(The draft of this post was “Absolutely Scrabulous” but damn you Frank Pasquale (great post though) for using the title first)
The storm (7) in a teacup (10) over Scrabble and Scrabulous is an illustration of what’s wrong with copyright law. As you’re probably sick to death of hearing, Hasbro, owning the copyright in the original Scrabble board game (after a series of buyouts/sales over the game’s long 20th-century history) hold some sort of rights (in the board itself, I think, not the game). They have licensed this for electronic use to another (Electronic Arts) and said other have brought proceedings against a Facebook version of the game called Scrabulous. (Many suspect that the result will be that EA buys Scrabulous and agrees to settle as pat of the purchase-price negotiations. Ah, the majesty of the protection of artists).

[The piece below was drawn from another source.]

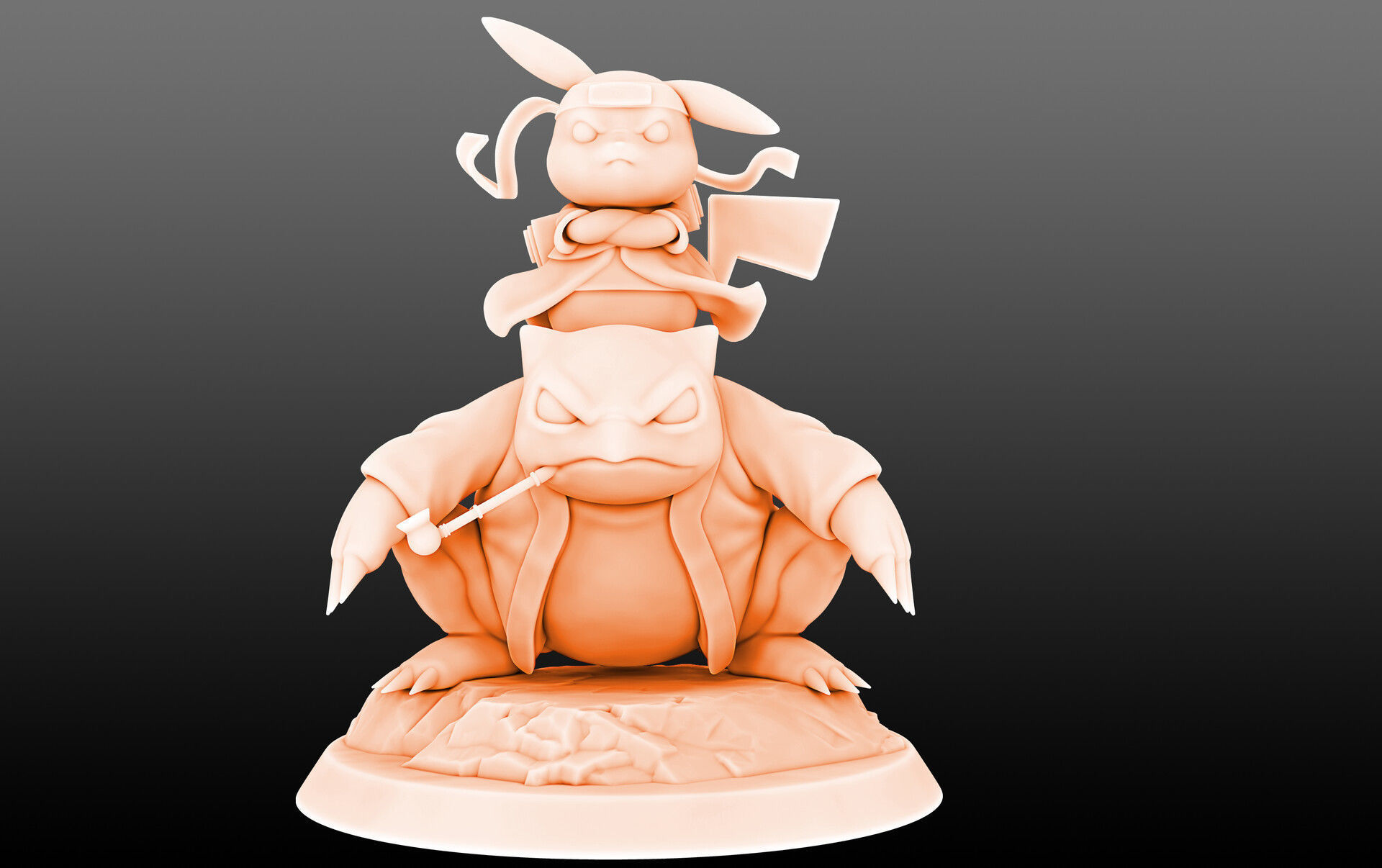 Pikachu Naruto Cosplay 3D print model_1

At this stage, any pretence that copyright is about the promotion of creativity and knowledge is but a sad joke. This is about the protection of market and little more – and by all means, there’s a case for the legal system protecting this (even if I’d be a sceptic), but it is so far from the stated purposes of copyright law that is tantamount to a redefinition.

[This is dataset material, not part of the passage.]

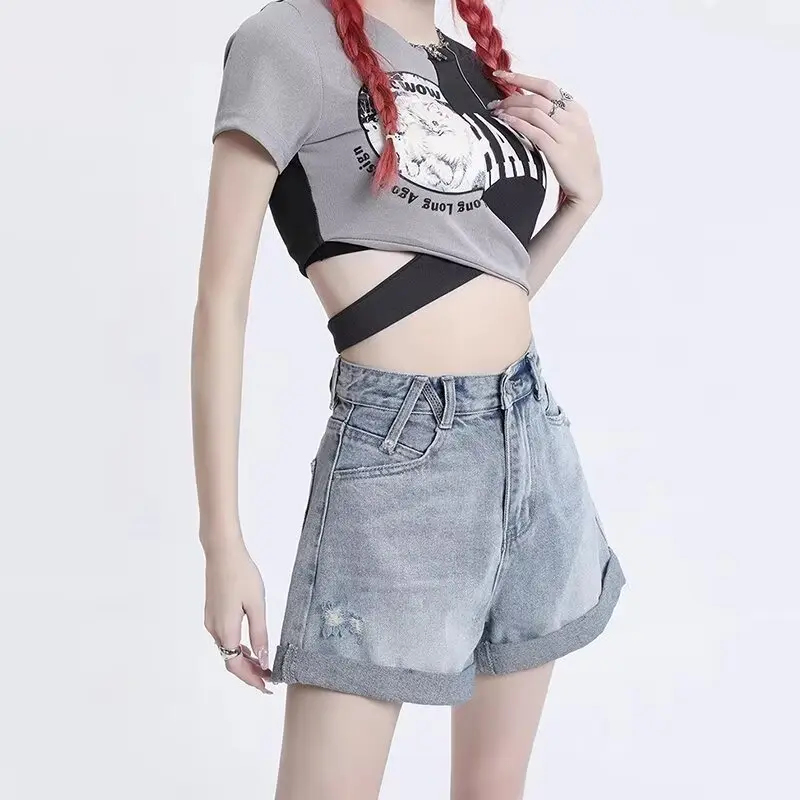 Summer High-waisted Loose Denim Shorts Denim Shorts Versatile  Women's Outdoor Casual Solid-color Straight-leg Slimming  Jeans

Picture the scene. Architect Alfred Mosher Butts is trying to figure out his idea for a game. He says to himself “Well, I could get back to work and go and plan the position of a few windows and doors on that house, but because a company called Hasbro will (in 70 years time) be able to sell the exclusive rights to put this board on a computer network that I haven’t even heard of because it hasn’t been invented yet, I really should stick with it. Yes, it’s copyright law that keeps me going!” Indeed, even if Butts had had an awareness of copyright law, it was the law then in existence (and not the bloated, inflated, extended version that we now know), so any suggestion that an uncontemplated law encouraged him to draw out the picture is beyond comprehension.

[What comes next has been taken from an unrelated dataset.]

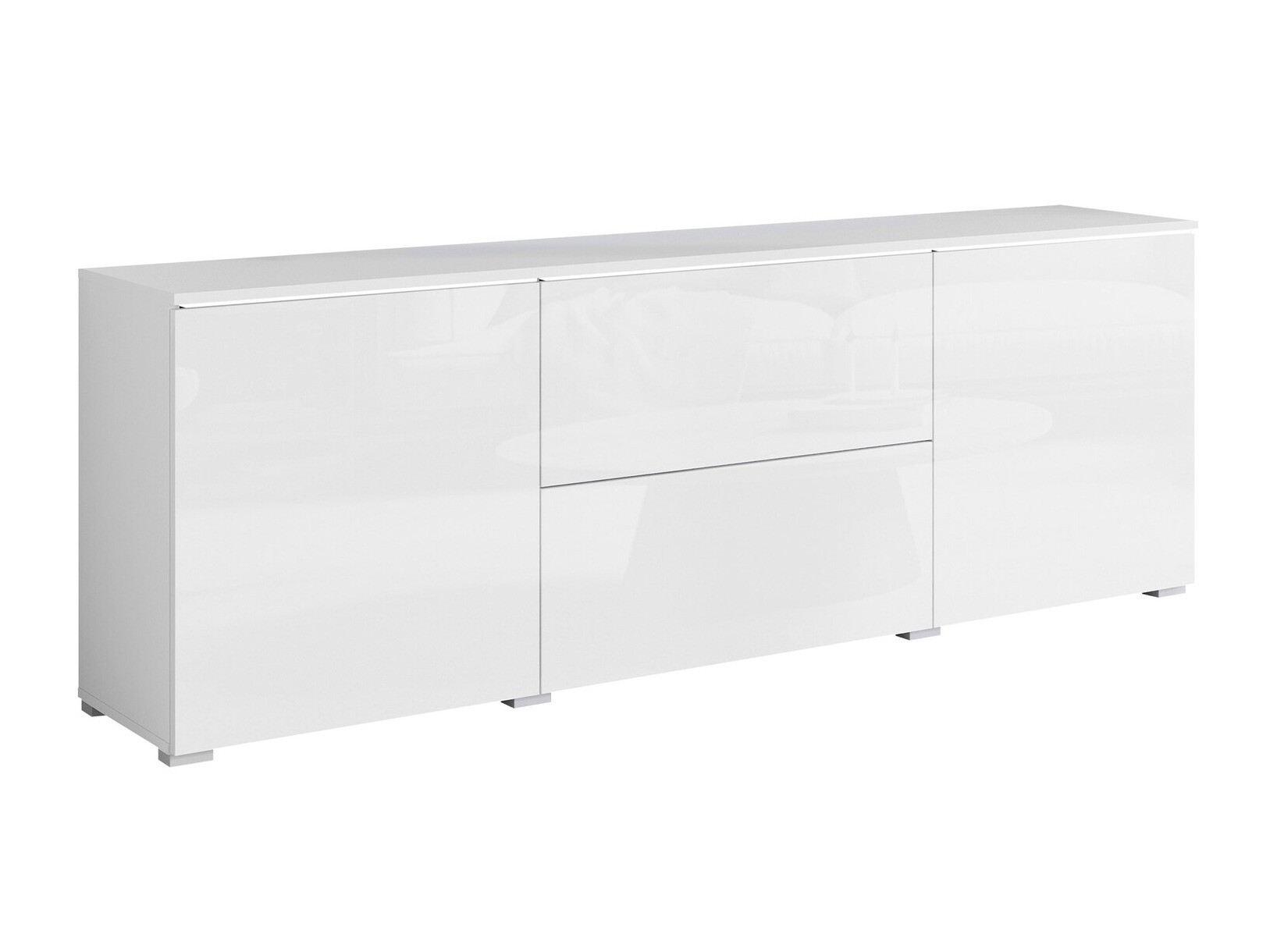 TV stand Mirfivo 104 (White + Glossy white)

Of course, you can argue that it’s essential for a game to have copyright protection if it is to be of any value and consistency in the marketplace and the cultural space. Just like chess, right? Well, as is probably obvious from my tone, we’re fortunate enough that the modern chess board was laid out long before copyright statutes were but a twinkle in the eye of the legislator. And the absence of copyright protection doesn’t seem to stop investment in and the search for new ways to play chess.
My point here is not to absolve the intrepid developers of Scrabulous of any responsibility. Clearly, there are issues in trademark law that they might want to deal with, and they are as much a part of this dance of acquisition and offer as EA themselves. However, if we believe that there’s a social or economic value in protecting EA’s ‘rights’, I feel that this should be worked out outside of the law of copyright, as every time a clearly ludicrous situation like this arises, the moral authority of copyright law is diminished even further. As it turns out, the platform (Facebook) is the first target, and they too have to assess their responsibility and liability (raising issues of gatekeepers and control as summarised by Jonathan Zittrain, here. However, from the point of view of the 21st century user, both Scrabble (TM, whatever) and chess are ‘old’ games and the fact that one can only be touched with permission (in return for silver dollars) and the other is perfectly open for experimentation and dissemination will baffle the average user. And they are right to question why this is the case. This illustrates not just over-protection but the insanity of extending protection over and over and over and over (like a monkey with a miniature cymbal) for works that (if ever protected) should long have passed into the public domain.
All this is as a footnote to the unstoppable John Palfrey who predicted this last October!